As the race for the White House heats up, Democratic candidates are focusing their energy on winning over one extremely important group in South Carolina–Black voters.

Unlike the previous two contests in Iowa and New Hampshire, which Hillary Clinton and Bernie Sanders split, South Carolina’s Democratic electorate is extremely diverse. In fact, more than 55 percent of the Palmetto State’s Dems are African Americans, and both candidates know they must win the Black vote if they want to be victorious.

Thursday, the Congressional Black Caucus Political Action Committee threw their support behind Clinton, a decision Rep. Gregory Meeks said was unanimous.

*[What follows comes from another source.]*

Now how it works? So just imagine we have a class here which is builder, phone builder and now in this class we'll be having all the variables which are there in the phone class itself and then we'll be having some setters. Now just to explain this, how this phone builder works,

“In our deliberations we believe that the partner that the CBC PAC has had for years to elect Democrats across this country is Hillary Clinton,” Meeks said during a press conference. “Where we need someone to come to rally Democrats and especially African Americans, and at the request of the CBC PAC, Hillary Clinton has been there.”

Meeks touted Clinton’s commitment to the Black community as the reason the CBC PAC chose her over Senator Sanders.

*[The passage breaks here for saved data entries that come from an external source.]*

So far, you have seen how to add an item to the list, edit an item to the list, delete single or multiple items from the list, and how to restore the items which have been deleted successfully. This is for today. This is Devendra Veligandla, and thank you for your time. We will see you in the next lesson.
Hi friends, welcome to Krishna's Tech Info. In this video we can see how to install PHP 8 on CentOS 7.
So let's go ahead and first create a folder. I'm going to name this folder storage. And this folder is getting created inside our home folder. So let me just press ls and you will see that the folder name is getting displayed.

“When the issues are important to our constituents Hillary Clinton has been there. She has been outspoken person in regards to the empowerment of Democrats and the Democratic agenda in its entirety,” he explained.

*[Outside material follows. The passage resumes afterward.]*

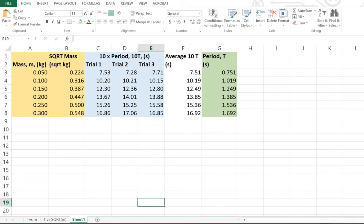In this tutorial, we're going to look at how you would apply uncertainties to your experimental data. Now for this internal or practice internal, we've got the relationship between mass and the period of a spring.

Not all CBC members were on board with the endorsement, however. Rep. Keith Ellison said the CBC’s Political Action Committee–a separate entity than the entire CBC–endorsed the former Secretary of State without the body’s full input.

Though Sanders has been energizing crowds across the country and almost beat Clinton in both Iowa and New Hampshire, many pundits have called South Carolina Clinton’s firewall because of her strong showing among Black voters. A recent NBC News-Wall Street Journal-Marist poll found 74 percent of South Carolina’s Black voters supported Clinton, compared to just 17 percent for Sanders.

Still, Sanders hasn’t given up on courting Black voters. Over the past few weeks, high-profile African Americans have endorsed the Vermont Senator. So far, former NAACP President Ben Jealous, Dr. Cornell West, writer Ta-nehisi Coates, and civil rights icon and activist Harry Belafonte are all feeling the Bern.

In a video statement, Belafonte said Sanders is giving voters “a choice to turn this ship of state called America around and place it on a new course.”

While Clinton is polling ahead of Sanders in South Carolina, it’s clear Black voters, and in particular Black women, will have a considerable say in who the next Democratic nominee will be.